私は61年前、当時は東京教育大学と呼ばれていたチームの優勝も見ていたのである。野口主将、松尾、糸山を擁して圧勝した試合をコートサイドで観戦していた。今春、偶然、その野口さんと当時の想い出を語り合ったことも重なり、そこはかとなく幸福感がある巡り合わせだ。
筑波大学の監督が、東海大学に勝つために実施した対策は、デフェンスの強化、特に、スリーを入れさせない、ドライブインさせない、レイアップシュートを抑える、に力を入れたことが結果に繋がった、と語っていた。
準決勝で筑波大学に競り負けた大東文化大学は、ベンチとプレーヤーの一体感、厳しく反応の良いデフェンス、小柄ながら卓越したゲームメーカー、素直に攻める攻撃陣のバランスが良く、好感が持てた。大東文化大学が、反対側の準決勝で東海大学に僅差で敗れた拓殖大学にかなりの差をつけて勝つのを目の当たりに見て、決勝戦の結果は予想された。
優勝監督の談話は現実問題としては妥当だが、少し強いデフェンスによって攻撃が滞り、これほど、シュートが入らず、パスがポイントから外れて、攻守が入れ替わるようでは、バスケットの人気を盛り上げるには問題があるというのが実感である。

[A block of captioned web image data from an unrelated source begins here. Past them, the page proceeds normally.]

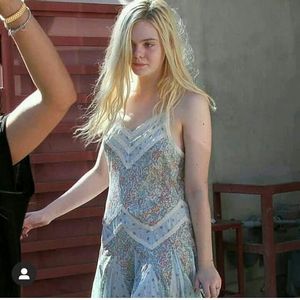 ELLE FANNING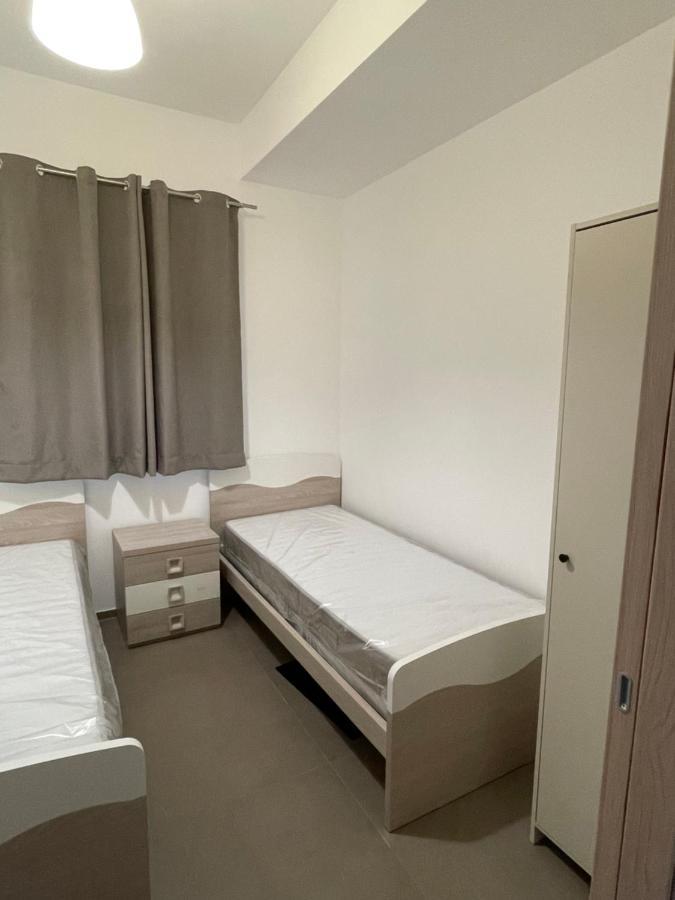 科米索Il Vespro住宿加早餐旅馆 外观 照片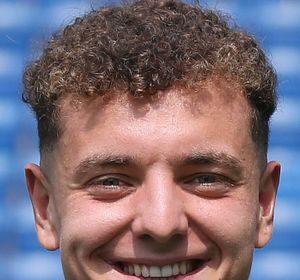 Fisnik Asllani bio and picture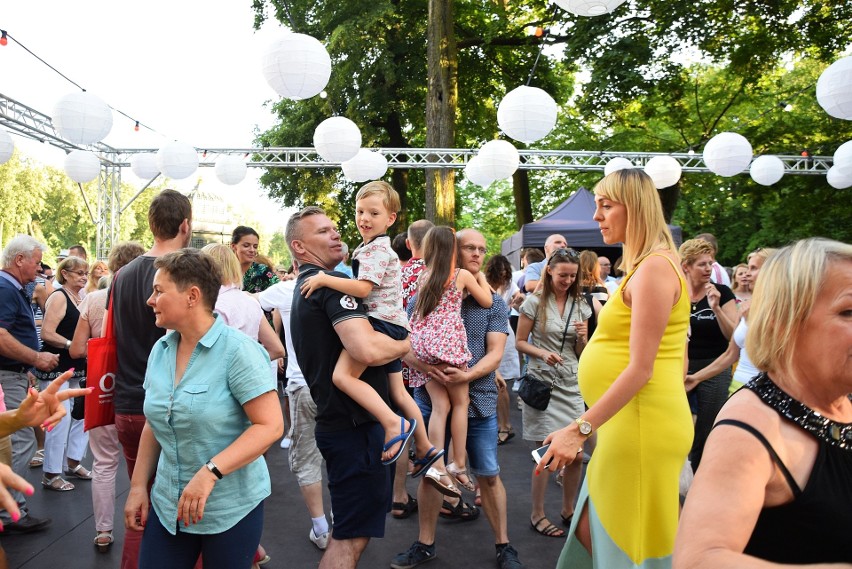 Ogrody Branickich. Potańcówka miejska na Dni MIasta Białegostoku 2019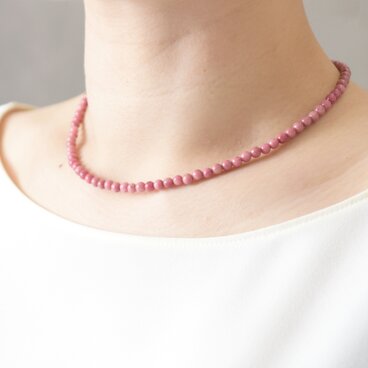 【 14kgf ネックレス 】大人 くすみピンク ストロベリー クリーム（ 天然石 シリシャスシスト ）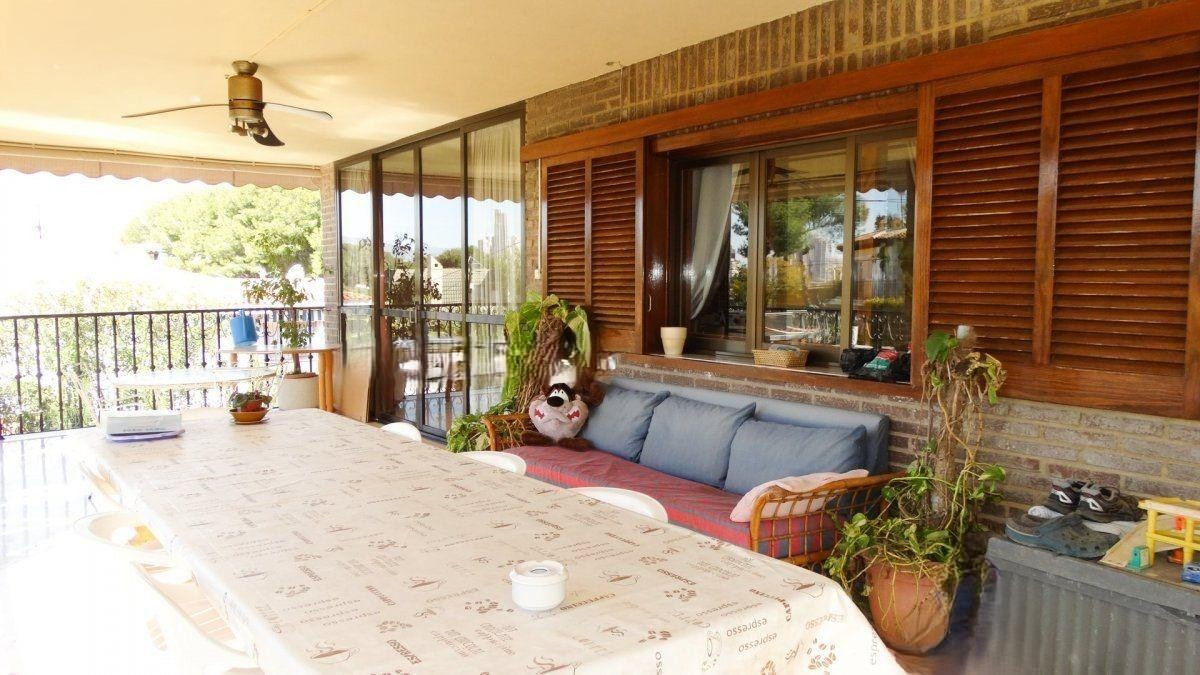Se vende Villa - Chalet de 4 dormitorios en Costa Blanca, Alicante, España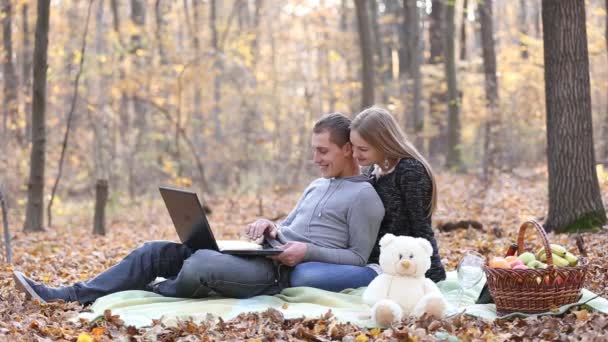 Casal com laptop — Vídeo de Stock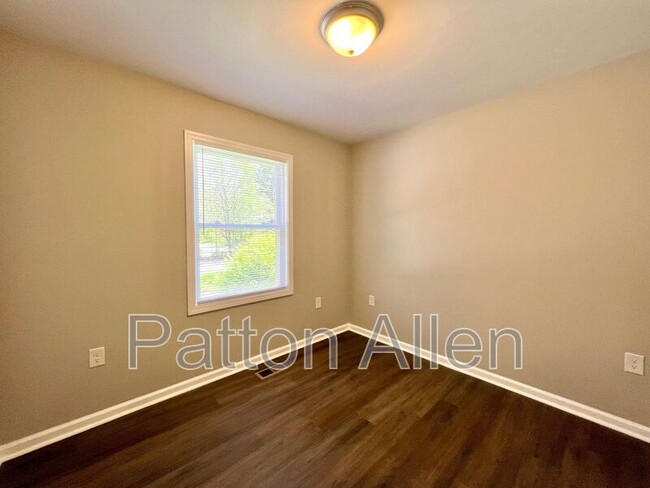 Building Photo - 1754 Meadowbrook Terrace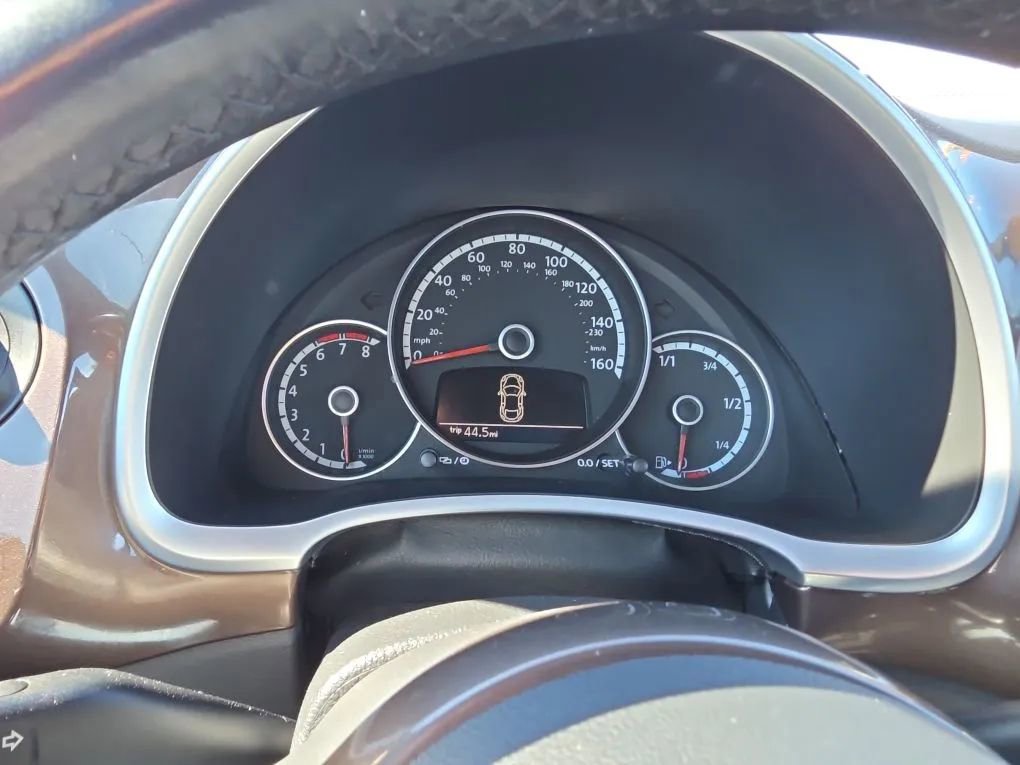 Used 2013 Volkswagen Beetle 2.5 image 38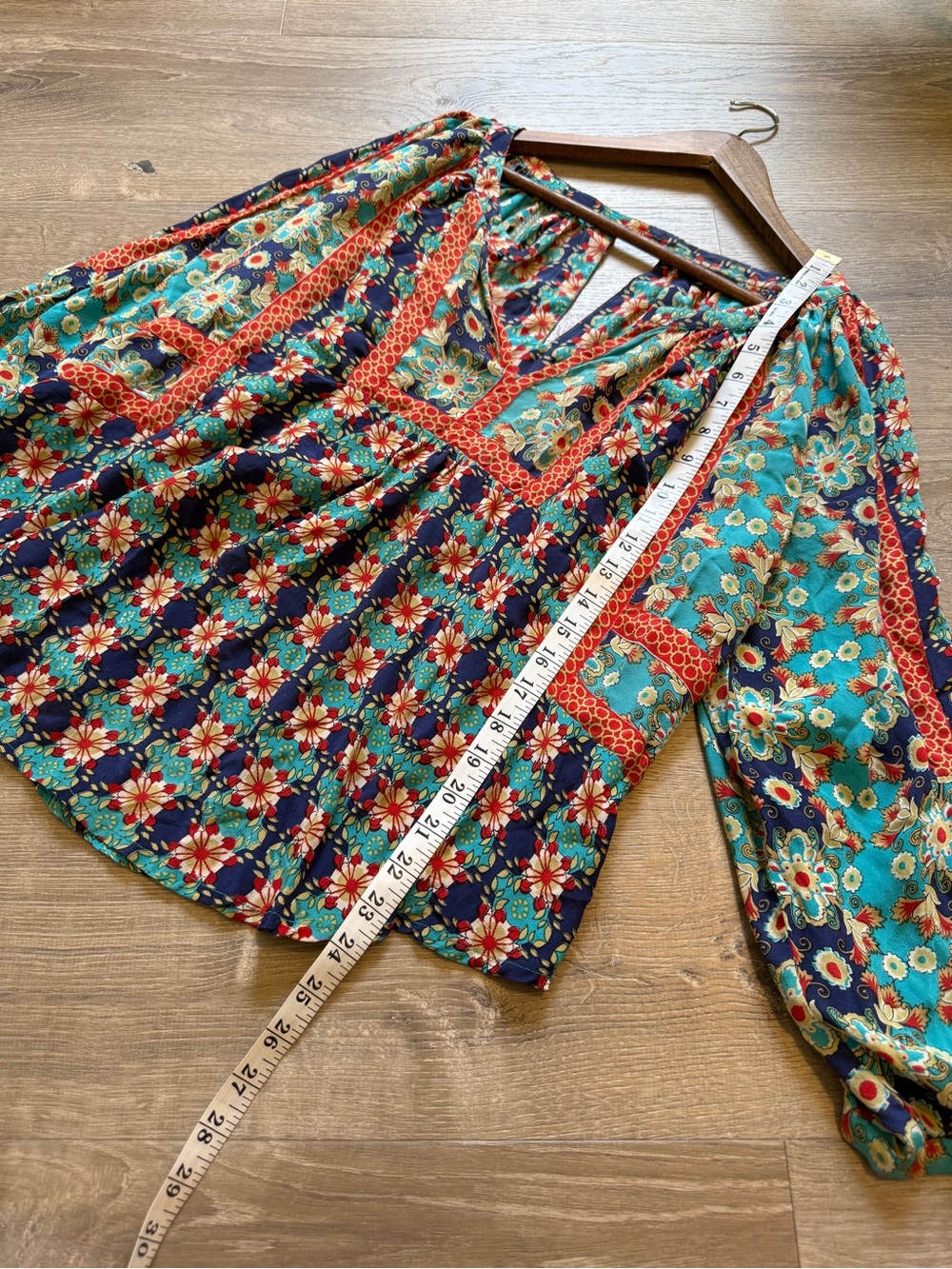 Tolani Turquoise Floral Print Silk Blouse-size M - Picture 9 of 10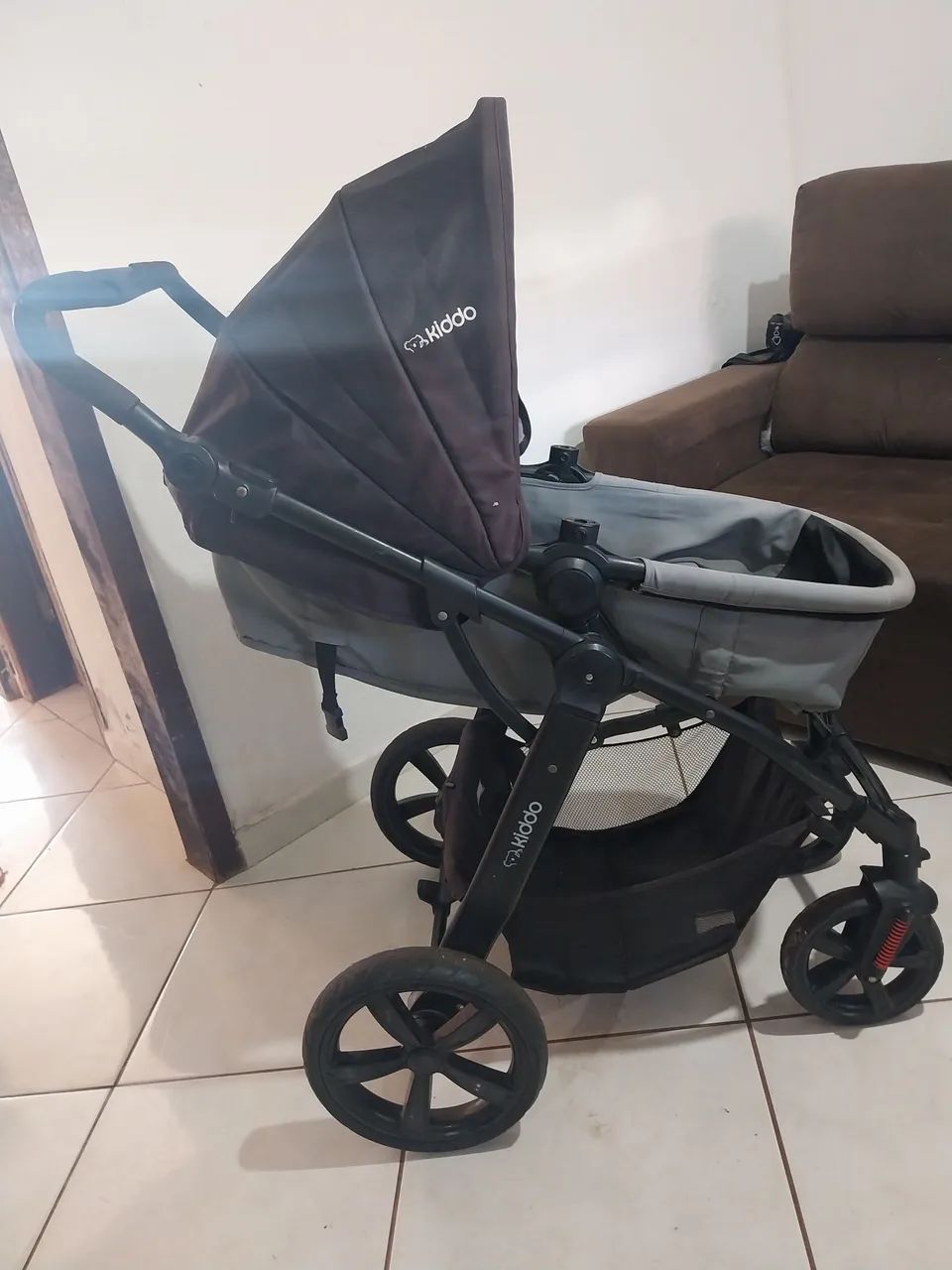 Carrinho de bebê marca kiddo 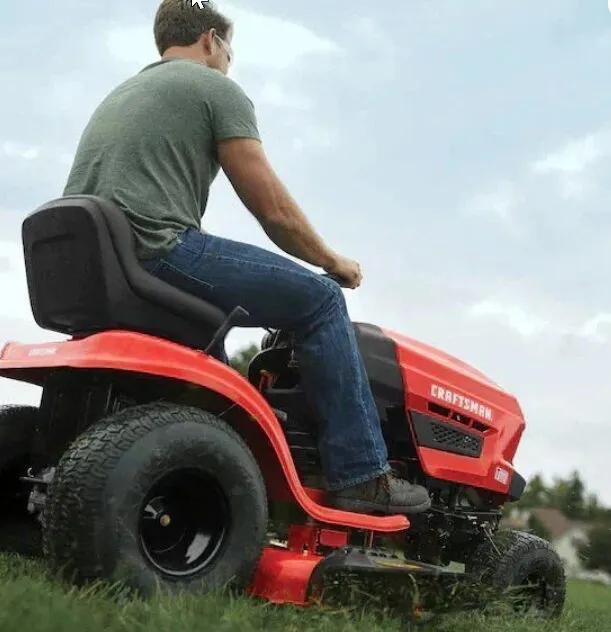 CRAFTSMAN T100 36″ 11.5-HP Riding Lawn Mower - Image 5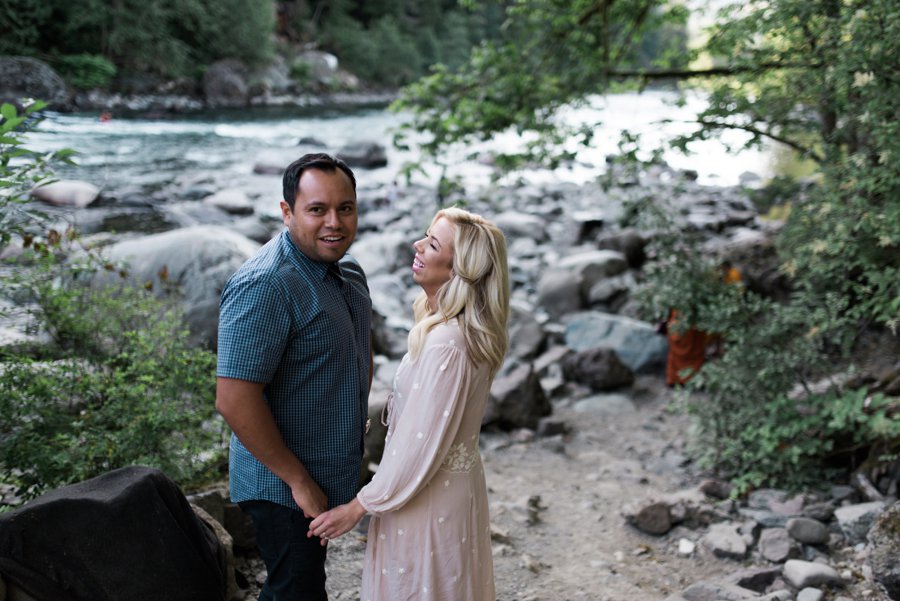 seattle-snoqualmie-falls-engagements_0003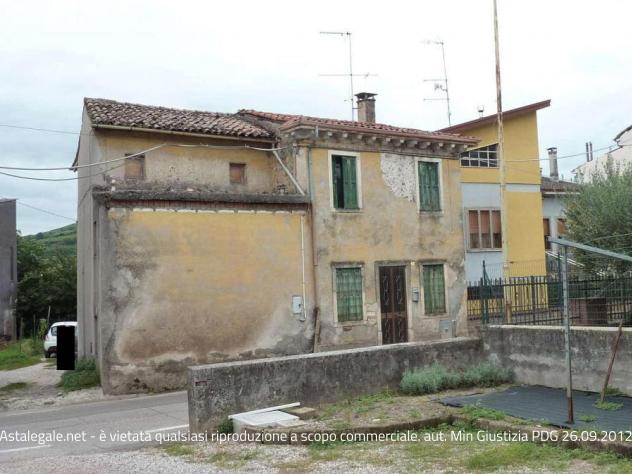 casa indipendente in vendita a Monteforte d'Alpone in zona Brognoligo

国士舘大学は、明治大を大差で破って5位になった。視野がしっかりしていてパスのタイミング、コースがきちんとして、1オン1をきちんと積み上げていると感じた。慶応大学は、61年以上昔の大会で連勝した頃と私が最後に見た60回の優勝校だが、今年は7位戦にも敗れてしまったが、全員が、広い視野を維持してパスを回し、果敢にシュートしていたのが好感が持てた。
久し振りに、2日に亘って、ゲームを見たが、昔に比べて、身体が大きくなっていることと、デフェンスの攻撃者への近接の度合いが上がっている。防御側の身体の使い方が、上手になっている割に、攻撃側が一段上の身体の使い方を開発することが遅れているように感じた。
大東文化大学の児玉主将のように身長 165センチでも、優れた視野と読み、加速度を駆使して、ボールを持ってコート上を動き回ることが可能なので、そのスキルを見習って、普及して欲しいと思った。